Naturally, in the kind of terms Moldavian authorities didn’t think that the problem could appear where they didn’t expect it. Each politician in Moldova thought of his PR-dividends within the
context of future Presidential Elections, meanwhile every ordinary citizen of this country, probably, thought that his neighbor will go voting instead of him. As a result, Moldavian authorities lacked minimum to achieve maximum.

Who has benefited from the failure of the Referendum in Moldova? Within a local level it’s, naturally, the Communists who now enjoy their triumph over the thrown away 3.5 million USD by Moldavian Government, which doesn’t really promote the rating of the current power. The Communistic Party is sure, that in course of the following Parliamentary Elections it will manage, if not to get back to power, then at least to enhance its positions within the Parliament and the country in general.

People in Transnistria also rejoice – the absence of stable power in Kishinev gives a great opportunity for Tiraspol to keep on blocking the negotiation process and to maintain thus the existing status-quo within the process of Transnistria regulation.

Within a more extended context Russia benefited from the failure of the Referendum, having thoroughly observed the domestic processes in Moldova recently. As Moscow thinks the reason for the pressure grow on Kishinev is the “incorrect” line of the acting President Mihai Ghimpu, who regularly makes pro-Romanian and simultaneously anti-Russian remarks. That is why the suspension of Moldavian wine export to Russia, the raise of gas prices for Moldova, demonstrative support of the “Transnistria Moldavian Republic” is presented for the international community as a educatory effect on some right-wing Moldavian authorities, pushing Moldova into the orbit of Romania. But if to omit this “cover up”, a feeling appears that behaving itself this way the Kremlin has set much more serious goal within this game, than to discredit Pro-Romanian temporary President of Moldova. Hardly one day after the next elections will he take such a high position as now. Most likely, they are talking about the analysis of a potential accomplishment of Russian initiatives on Transnistria conflict regulation know as the “plan of Kozak” in this or that interpretation. Let’s remind, that this plan anticipates the federalization of Moldova within the terms of maintenance of Moscow its dominating influence on the further development of this state.

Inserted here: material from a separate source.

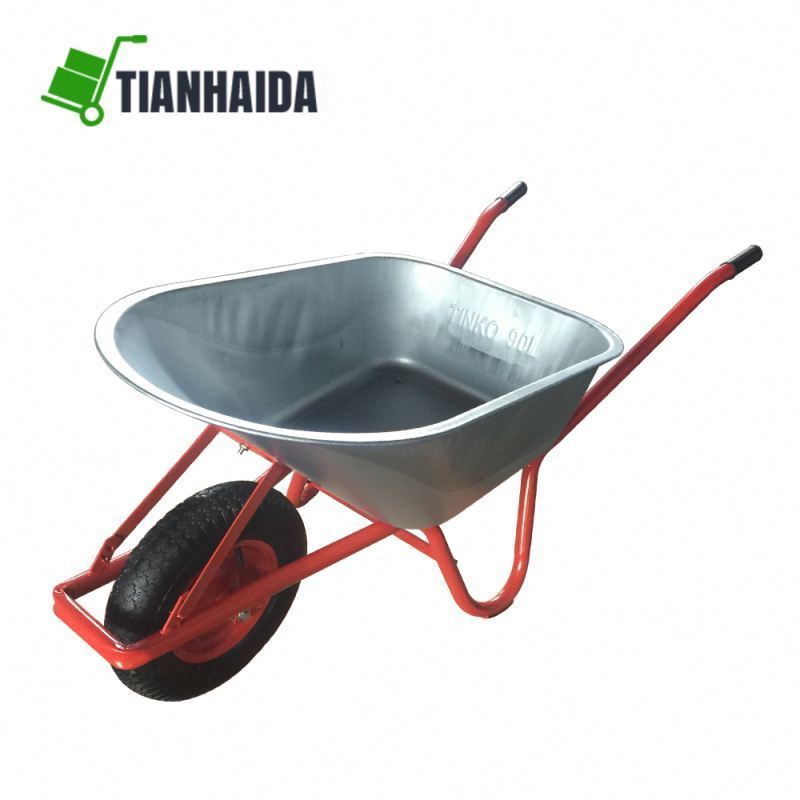 Heavy Duty Kruiwagen Steel  Builders Garden Wheelbarrow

Ukraine remains to be the hostage of the constitutional crisis in Moldova. Many efforts, undertaken by Kiev for the rapid solution of oldUkrainian-Moldavian problems (first of all, the issue of dispersal of ownership and joint boundary demarcation) can be in vain. Current Moldavian power, seems, won’t be able to demonstrate in practice before the elections earlier declared course on rapid solution of the problems with Ukraine. All the forecasts prove that future Parliamentary Elections in Moldova will hardly result into a firm victory of any of main political parties. Naturally, within the conditions of domestic instability in the country, the adoption of any decision by the authorities of Moldova within a foreign direction, including Ukrainian, will be temporary. In these terms Kiev most likely will have to search for independent ways of the solution of Ukrainian-Moldavian problems.